→ **Required action**: Transcribe all records below exactly, without images.

Excerpts from a dataset
== Segment start ==

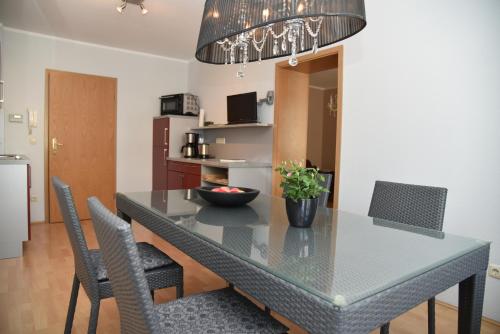 a dining room with a table and chairs at Schlafen in Weimar in Weimar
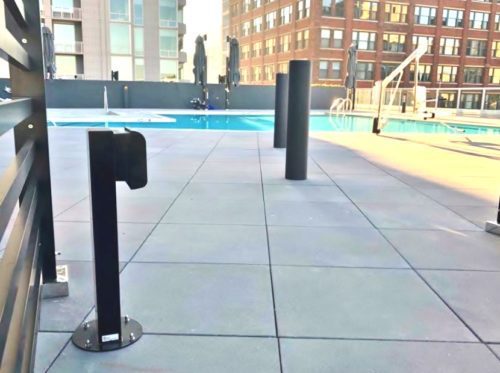 black outdoor power pedestal mounted by a residential pool
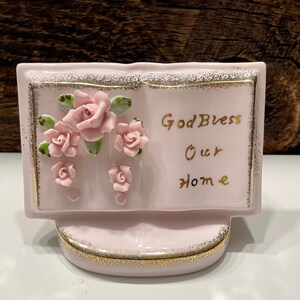 May include: A pink ceramic book with a gold trim and a floral design. The book says "God Bless Our Home" in gold lettering.
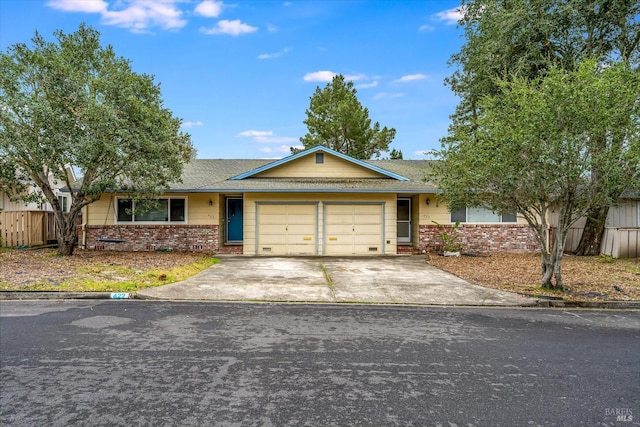 single story home with a garage, brick siding, a shingled roof, fence, and driveway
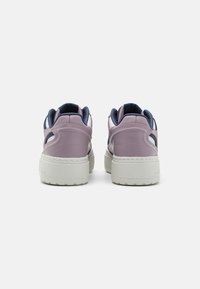 Pair of purple and navy sneakers with white soles, viewed from the back on a plain white background.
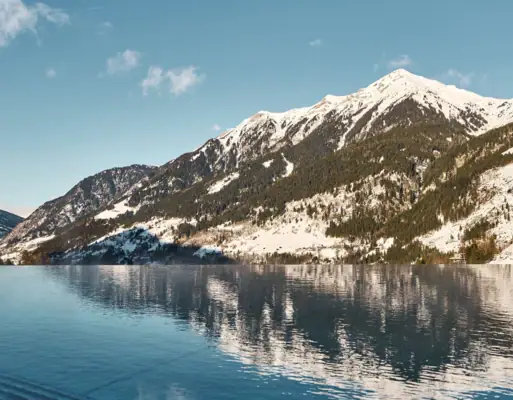 A body of water with snow-covered mountains under a blue sky.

== Segment end ==

→ **Solution to this problem**:
 a dining room with a table and chairs at Schlafen in Weimar in Weimar
 black outdoor power pedestal mounted by a residential pool
 May include: A pink ceramic book with a gold trim and a floral design. The book says "God Bless Our Home" in gold lettering.
 single story home with a garage, brick siding, a shingled roof, fence, and driveway
 Pair of purple and navy sneakers with white soles, viewed from the back on a plain white background.
 A body of water with snow-covered mountains under a blue sky.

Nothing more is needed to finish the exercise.